Call mom. Deconstruct my day so far. Deconstruct her day so far.

Read the newspapers. Check Twitter again. Download iPad apps, including a talking translator app that leads me to believe I'll never need to learn Chinese. Or any language, for that matter. Download the latest issue of the New Yorker, which is now backing up in the same way that the magazines used to pile up in the basket of my wicker chair.

Go outside to shop for clothing, cat food, or other non-essentials. Peek into the Crate & Barrel outlet. Find Robert E Lee's boyhood home. See the place where George Washington's doctor is buried. Decide whether the statue honoring Confederate soldiers is despondent or just pensive. Look in Christ Church cemetery.

Meet friends for coffee. Meet friends for lunch. Meet friends for drinks. Meet friends for dinner. Repeat basic story, or non-story, about visas. Hope that someone else's life is more interesting than yours.

Avoid stepping on the scale. Check Twitter one more time. Update Facebook status. Watch TV. Read. Talk to the cat. Convince cat to sit on lap. Feel trapped. Pick a fight with Bob. Wonder why the hotel remote control barely works. Write silly posts to the blog.

It's a full life.

Friday, October 7, 2011

Being a Part of It

One of the silver linings of our visa delay presented itself in the opportunity to catch the last game of the American League playoffs for the Yankees. I'm embarrassed to say I had never been to Yankee Stadium, old or new.

We drove up on Thursday (sorry, New York pals, this was a quick baseball-intensive visit). The traffic gods were on our side -- which should have been an omen for the outcome of the game.  We got to Manhattan and walked around on a perfect sunny afternoon for a bit, and then took the subway up to Arthur Avenue in the Bronx for some authentic Italian food. Again, the fact that the food was delicious and the folks were welcoming and warm all around us should have given us pause that bad stuff was about to happen.

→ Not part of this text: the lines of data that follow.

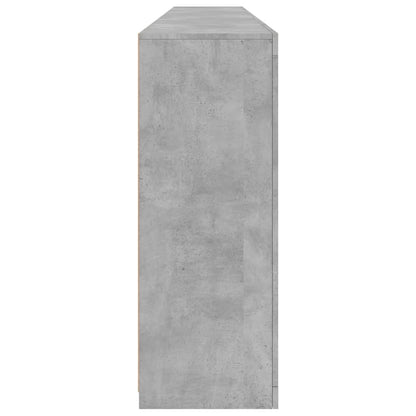 Skjenk Betonggrå med LED-lys 162x37x100 cm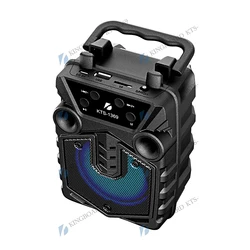 KTS-1369 KTS 5w sound wireless speaker mini plastic  3 inch  led flashlight usb wireless
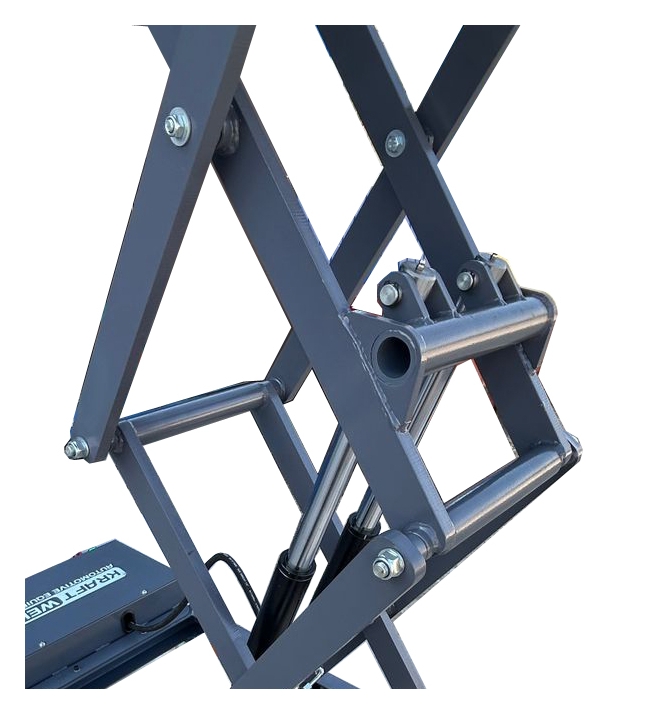 Платформа подъемная передвижная 1,2 тонн KraftWell KRWLT-12E, электрогидравлическая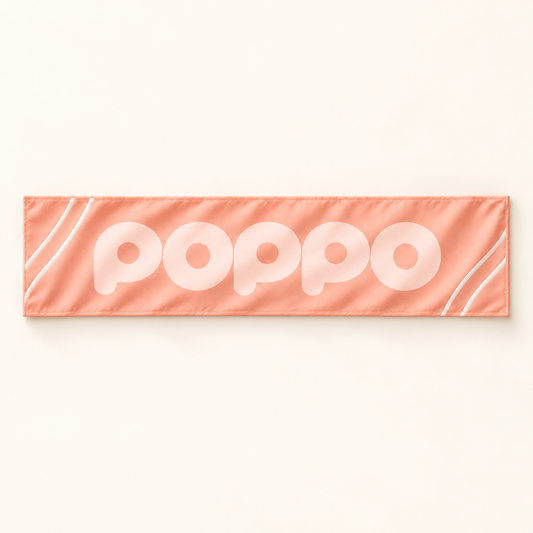 POPPO Soft Peach cooling towel — concept render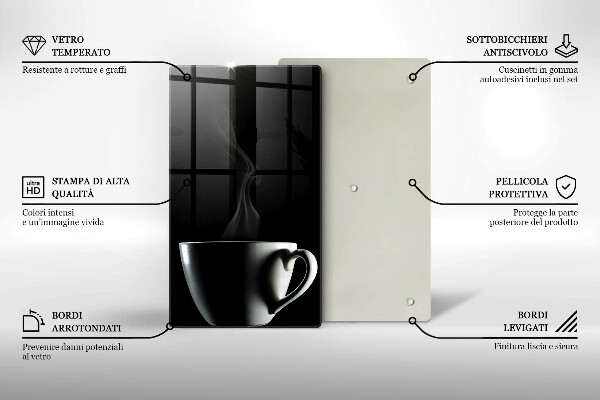 Tábua cozinha Uma xícara de chá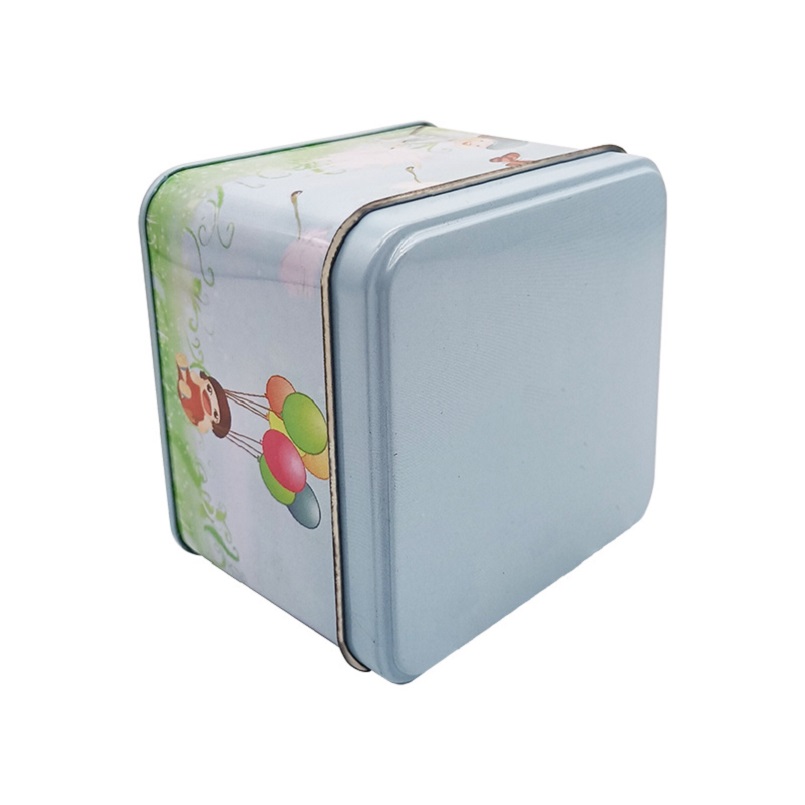 Factory Directly Eco Friendly Square Metal Gift Tin Box for Candy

About an hour before game time we joined the throngs of jersey-wearing, boisterous, cheerful fans heading into the stadium. I managed to buy a Derek Jeter t shirt for five bucks just outside, a kind of garish, tacky shirt with three different views of Jeter which will probably fall apart in the first wash. I slipped it over the cardigan and t shirt I was already wearing, looking a bit overstuffed.

And walking around Yankee Stadium, the holiest of holies for my father, my husband and my son, was about as spiritual an experience as I’ll get. Pictures of Babe Ruth, DiMaggio, Jeter, Whitey Ford. I felt the history. The buoyancy of the crowd, the New York-ness of all of it, was enough to carry us to the nose-bleed seats behind home base.

What a game. What a heart-breaker.

Even so, I loved the chance to scream myself hoarse, to drink beer, to stomp and clap and trash-talk and scream at the umps, to laugh, to groan, and to chime in with this reaction from just about every one of the 50,000 or so fans who stayed until the wee hours: Fucking A-Rod.

Wednesday, October 5, 2011

Chatting Face to Face

I just ended a conversation with my dear friend Alka, who lives in Delhi. We had a face-to-face chat on Skype with my iPad, which I held up to my own mug as she sat in front of her computer in the wee hours of the morning in India.

It’s not that I don’t love keeping up with my friends via email, or instant-messaging on gmail and Facebook, or even by phone, but this was better. She asked me a question; I could just nod my answer. She’d tell me something funny, and I could smile. I thought she looked beautiful sitting there. What’s even more interesting is that our conversation was almost as good as one we might have during one of our official Girls’ Night Out excursions, albeit without the margaritas.

I even got to show her the three dresses I bought as potential outfits for Beth’s wedding this weekend. She voted for the brown one, especially when I showed her the pumps – incredibly sexy – that matched the dress perfectly.

And not long ago, Joanna and I had a “face time” chat on my iPad and her iPhone. She was in Thailand and I was visiting my mother in upstate New York. When she called, my brother and sister-in-law had stopped by the house, so we all got to stick our faces in and say hello.

Joanna looked tan and happy, and when we were all ready to sign off, I gave the iPad screen a little kiss. I’d like to think that it won’t be long before I can actually wrap my arms around my daughter in Beijing, but for now, this kind of technology is pretty wonderful, especially for a person who is getting ready to move halfway around the world. If my friends can feel this close and instantly available for some laughs and catching up, I’m happy.

At the same time, we had a visit this weekend from Billy and Elaine, college friends who live near Philadelphia and who decided to pop down for the weekend and take advantage of our limbo. Even with all the technology available to us, it’s good to be able to spend time with old friends, walking the streets of Alexandria in the rain, eating soup in a corner shop, and having the kind of conversation where nothing is forced and the laughs come easy.

I’m lucky that I have all kinds: friends who have no qualms about jumping in the car for a spontaneous visit, those who stifle their yawns as we chat late into the Indian night, and those who live right here in town and still want to see me.

Tuesday, October 4, 2011

Day 35

We've been out of our house and living in hotels -- one in Foggy Bottom and one in Alexandria -- for more than a month now. Some days I feel a darkness that's hard to break even with the kind attentions of friends, who may be more than ready to have us gone. That's even as the possibility of one more rousing happy hour cheers the drinkers in the group.

I try to take comfort in the drop-dead gorgeousness of our fair city in the meantime. If you sit on the left-hand side of the Yellow or Blue line as it rounds the bend north to National Airport, you can catch a glimpse of the Capitol and the Washington Monument on the other side of the Potomac over the rounded roof of the airport, and you can't help but think again, what a beautiful city. And Alexandria gets prettier with each brick-lined block I wander down.

But I want to get on with my life. I know the breakfast buffet at the Marriott by heart, I'm sick to death of coin-operated laundries, and I'd like to live in an apartment with more than one room.